I met Lisa early in my junior year at the University of Vermont, where Cam and I played college hockey. The team was doing one of those end-of-practice skating drills that are tough for goalies because of the weight of our equipment. I'd put my gloves, stick, and mask on the back of the net to lighten my load. But an assistant coach, screwing around, dinged a slapshot off the post and into my left cheekbone and nose. Blood all over the place. I held a towel to the cut and skated to the dressing room, where Bobby Breyer, our trainer, undid my leg pads and skates. I was still wearing my “Vermont Hockey” practice shirt and pressing a bloody towel to my cheek when Bobby and I walked into the emergency room at Lake Champlain Medical Center. Lisa stood near the desk. The name on her uniform read “Lisa M. Quinn, R.N.—Oncology.” I didn't know what “oncology” meant. I found out later she was only working the ER to sub for a friend. Lisa was a cute kid with short black hair, an upturned nose, and big brown eyes. Midtwenties. Perky cheerleader type.

“What happened?” Lisa asked.

“Stopped a puck,” I said.

“Hey, that's more than you did against Harvard,” she said, laughing and holding out her hand. “You're J. P. Savard, right? I'm Lisa Quinn. And I'm kidding. I've seen you guys play. You've got a good team. But not last Saturday. What happened?”
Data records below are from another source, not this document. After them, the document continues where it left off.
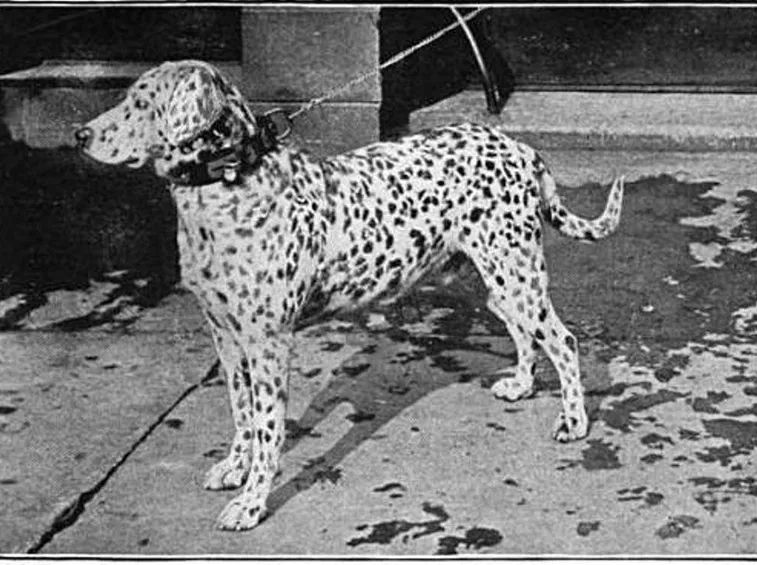 Vecchia foto di un dalmata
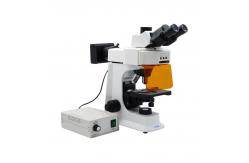 China 3W LED Coaxial Coarse Fine Focusing Fluorescence Microscope CE / Rohs Certification supplier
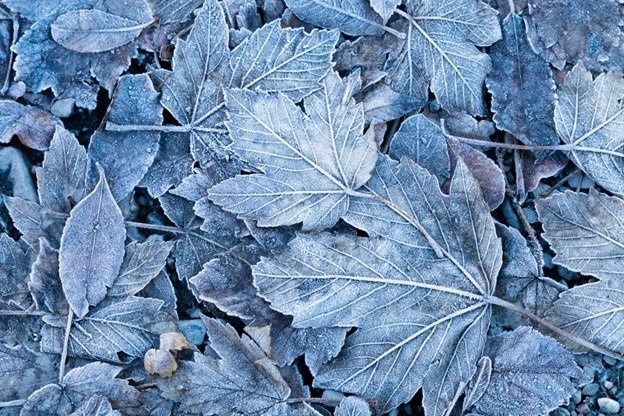 Secure Your Credit With a Freeze!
“Couldn't handle Harvard's power play,” I said, and explained that Harvard used an unbrella power play, where one defenseman plays back near the blue line like a basketball point guard. “Then they put two forwards at the top of the circles and two more down low near the net. Guy at the top had a cannon. He'd blast it at me and the little guys down low would go for the tip-in or rebound. Seems every time we hit a guy near the net we got called for interference. They scored five goals on the power play, two of them during five-on-threes. Of course I didn't do anything that would remind anyone of a goaltender.”

Lisa laughed and hustled me into the ER. She stayed with me while a lady doctor put in the stitches, and then Lisa worked some administrative magic to get us to the front of the X-ray-room line so we could see if the cheekbone was broken. It wasn't. “Bad news. Not broken. Gotta face BC Saturday,” she said. I liked her attitude and blunt humor.

Lisa's father was a University of Vermont season ticket holder and he often took Lisa to the games. But he and Lisa's mother were Boston College alumni, so Lisa wasn't getting her usual ticket for that Saturday's sold-out game against number-three-in-the-nation BC.